Maxut Mukhamejanov (36) kam 2011 aus Kasachstan, um in Bremen zu studieren. Anfangs fiel es ihm schwer, sich hier zurechtzufinden. Deshalb gründete er schon ein Jahr später eine WhatsApp-Gruppe für Kasachen aus ganz Deutschland: „Über die Gruppe können wir uns gegenseitig helfen und haben Kontakt mit anderen Landsleuten - das ist toll."

Seine Frau Dinara Ujsimbaeva (32), eine Halb-Kasachin, hat er in Hamburg kennengelernt. Sie ist technische Zeichnerin bei Airbus. Gern kocht sie traditionelle Gerichte: „Bei uns gibt's fast nur kasachisches Essen. Letzte Woche hatten wir drei Familien zu Besuch, für die ich alle gekocht habe." Maxut bestätigt: „Das gehört für uns zur kasachischen Gastfreundschaft dazu."

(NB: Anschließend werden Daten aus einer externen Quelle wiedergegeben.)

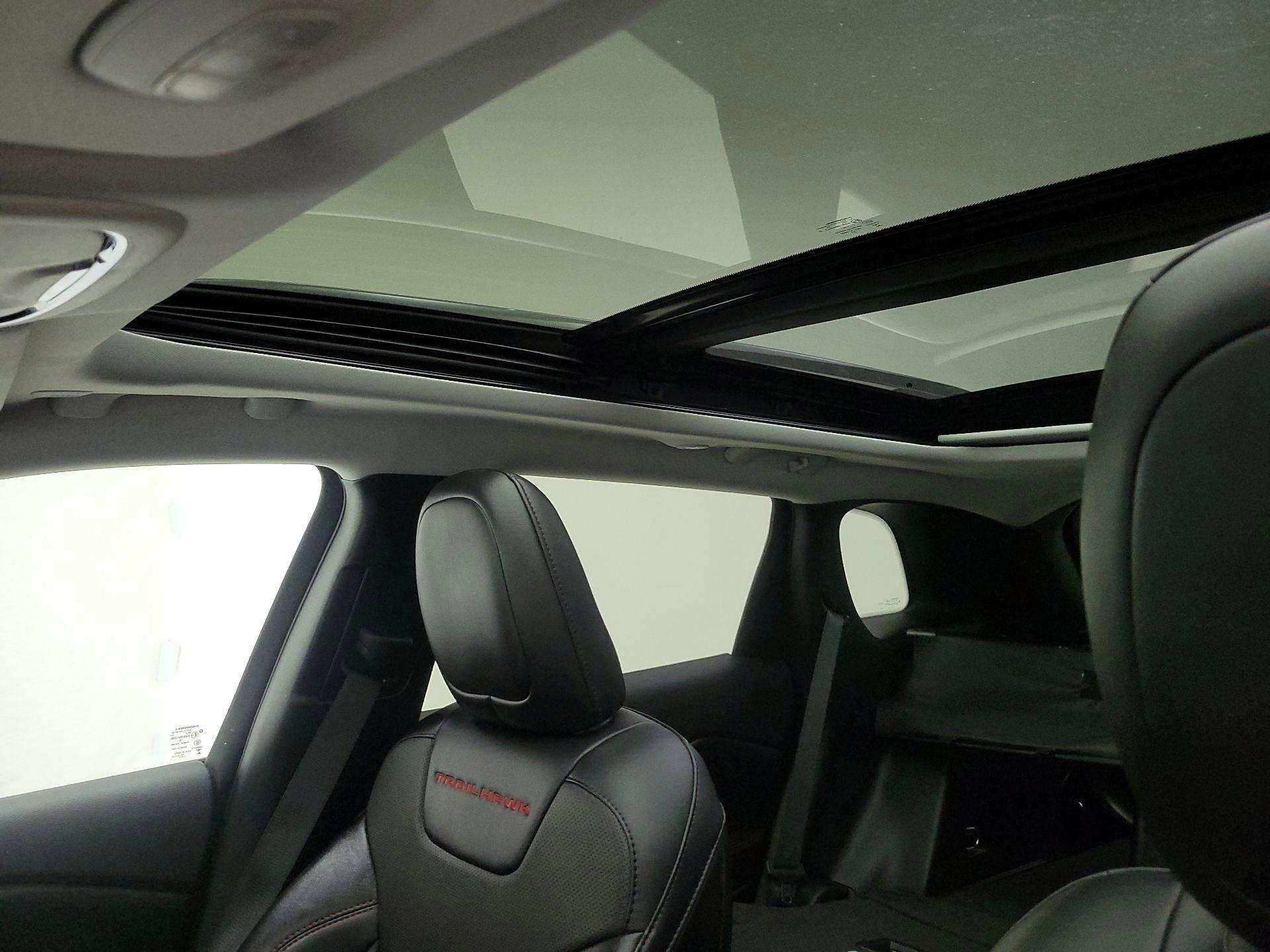 Thumbnail: 2022 Jeep Cherokee - 20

„Jüngere Leute gehen weniger in Teestuben"

Hüseyin Öztürk (49) trifft man meist inmitten von frischem Gemüse und leckerem Obst an. Seine Familie betreibt einen Lebensmittelladen in Altona. Hier kaufen Menschen aller Nationalitäten ein. Essen ist für den 49-Jährigen ein wichtiger Teil der Kultur.

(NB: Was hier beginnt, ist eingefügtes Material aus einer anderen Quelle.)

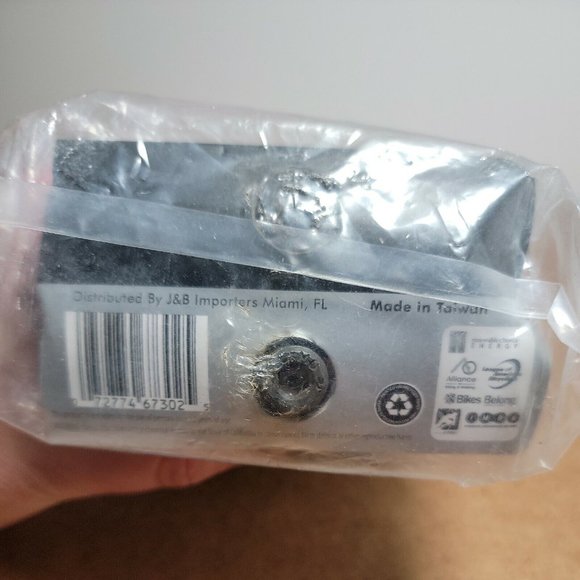 New in Package SUNLITE Folding Bicycle Pedals with 9/16" Axel and Reflectors - Picture 8 of 8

„Wir essen zu hundert Prozent türkisch. Die Küche ist herrlich. Ich würde nichts anderes essen." In Teestuben oder Kulturvereine zu gehen, wie es viele seiner Landsleute tun, ist aber nichts für ihn.

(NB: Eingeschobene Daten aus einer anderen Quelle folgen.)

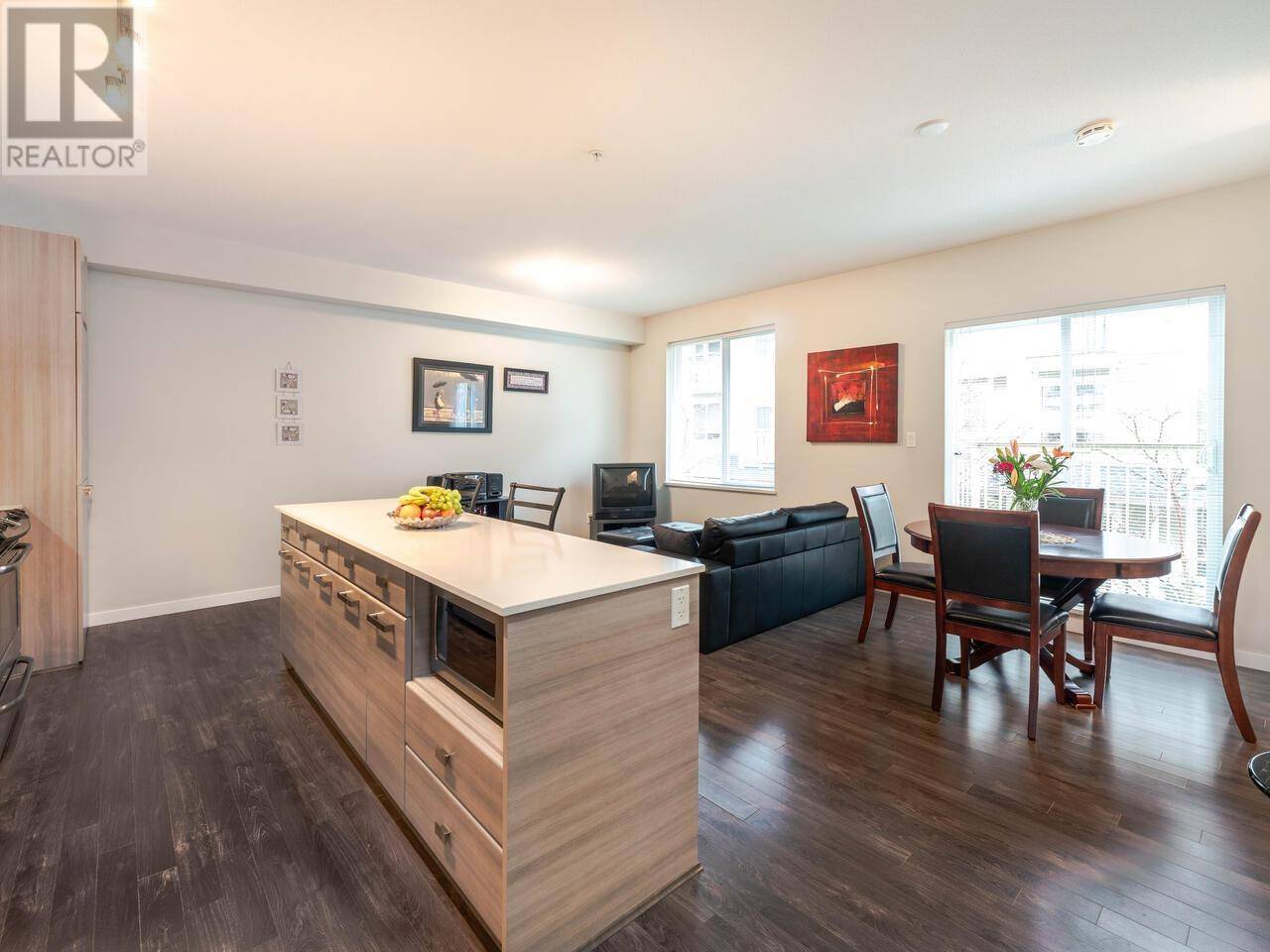 Burnaby, BC V5B1S9,6965 HASTINGS ST #12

Beim türkischen Teetrinken und Kartenspielen „bleiben viele so unter sich". In der nächsten, der „dritten Generation" sieht der Altonaer da einen Wandel: „Die sind ja alle hier geboren. Die jüngeren Leute gehen weniger in Teestuben oder auf türkische Feiern - und sie essen auch mal asiatisch oder deutsch."